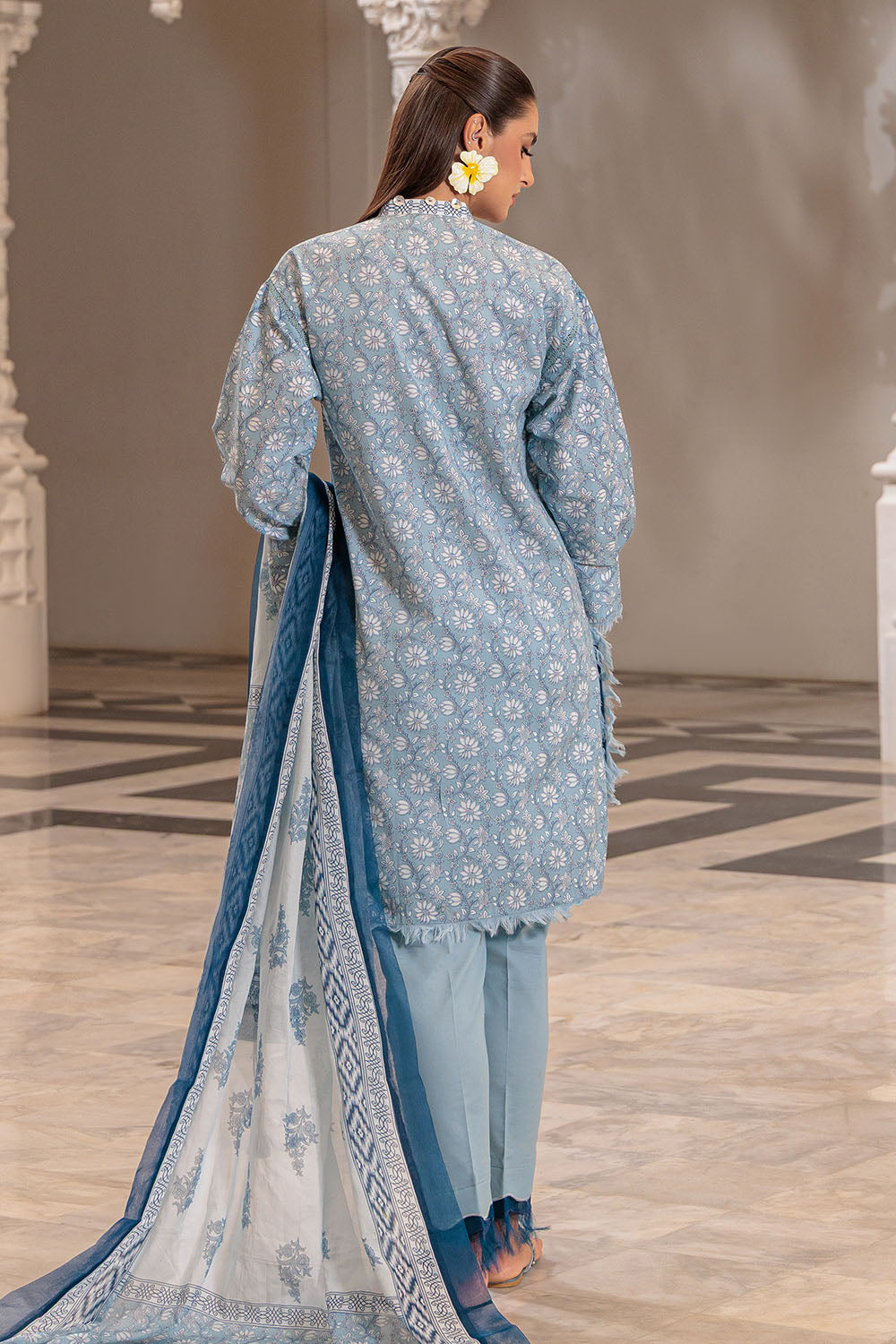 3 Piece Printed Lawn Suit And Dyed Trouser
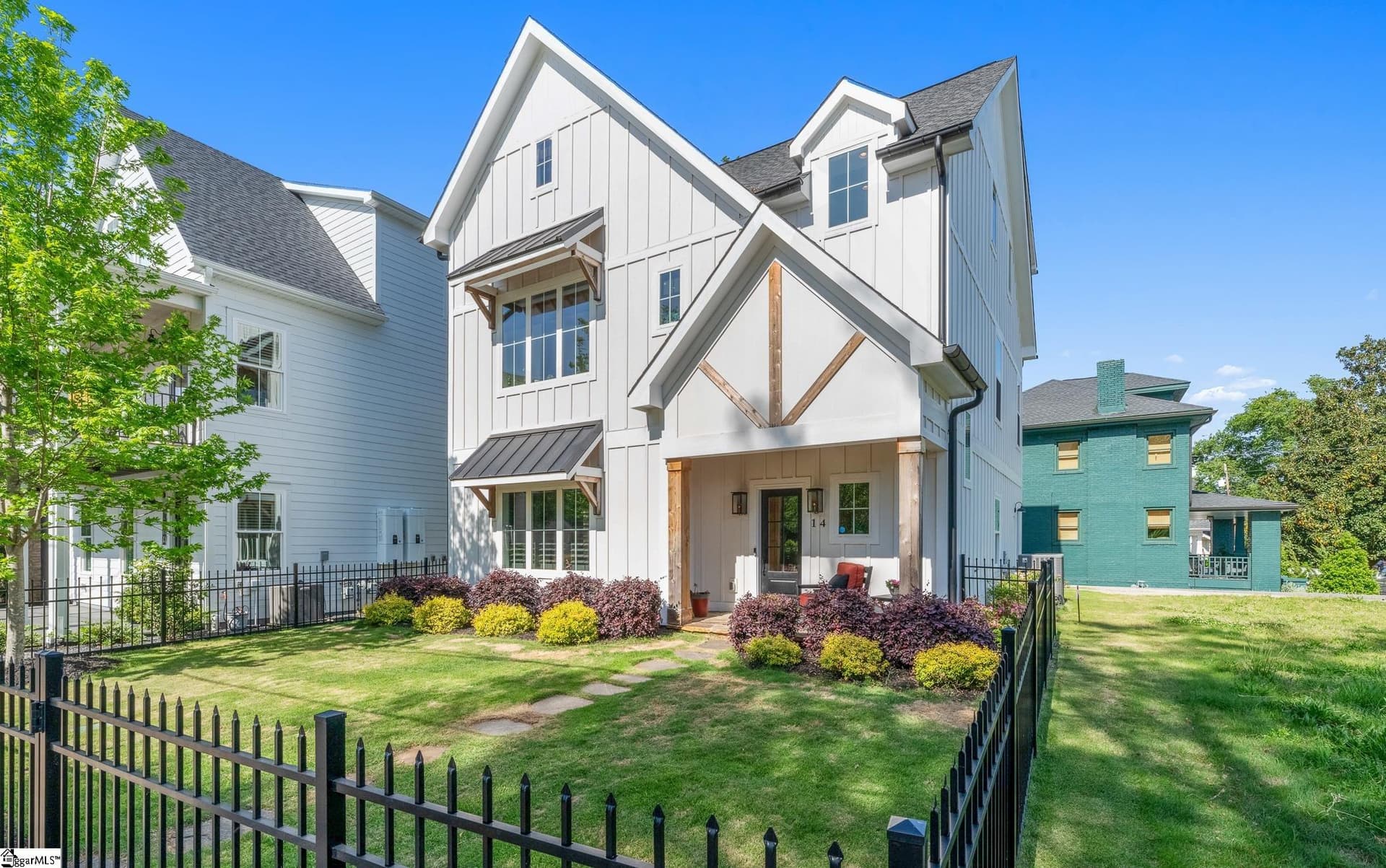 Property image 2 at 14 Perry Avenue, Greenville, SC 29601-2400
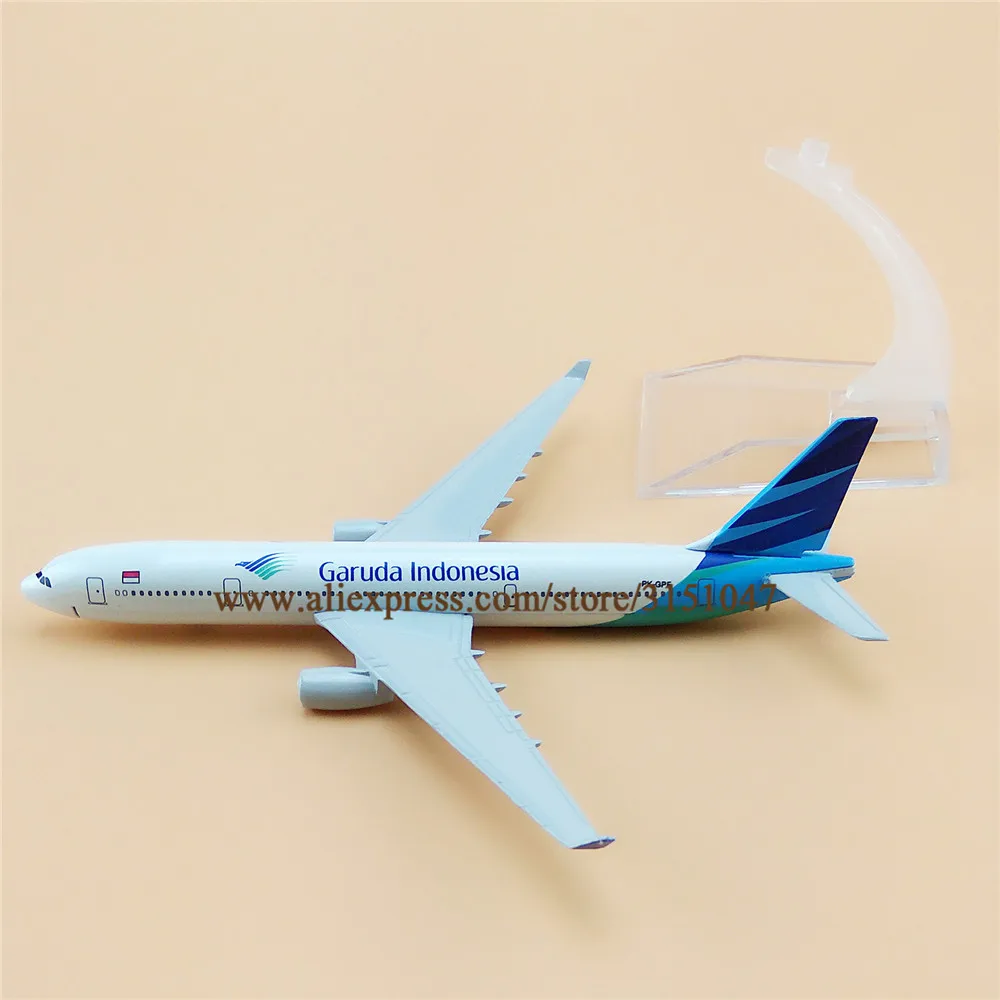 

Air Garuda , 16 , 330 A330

▶ ABOUT THIS TASK:
Every word of the material, and none of its pictures, should be set down again.

▶ RESPONSE TO THE TASK:
 3 Piece Printed Lawn Suit And Dyed Trouser
 Property image 2 at 14 Perry Avenue, Greenville, SC 29601-2400

Air Garuda , 16 , 330 A330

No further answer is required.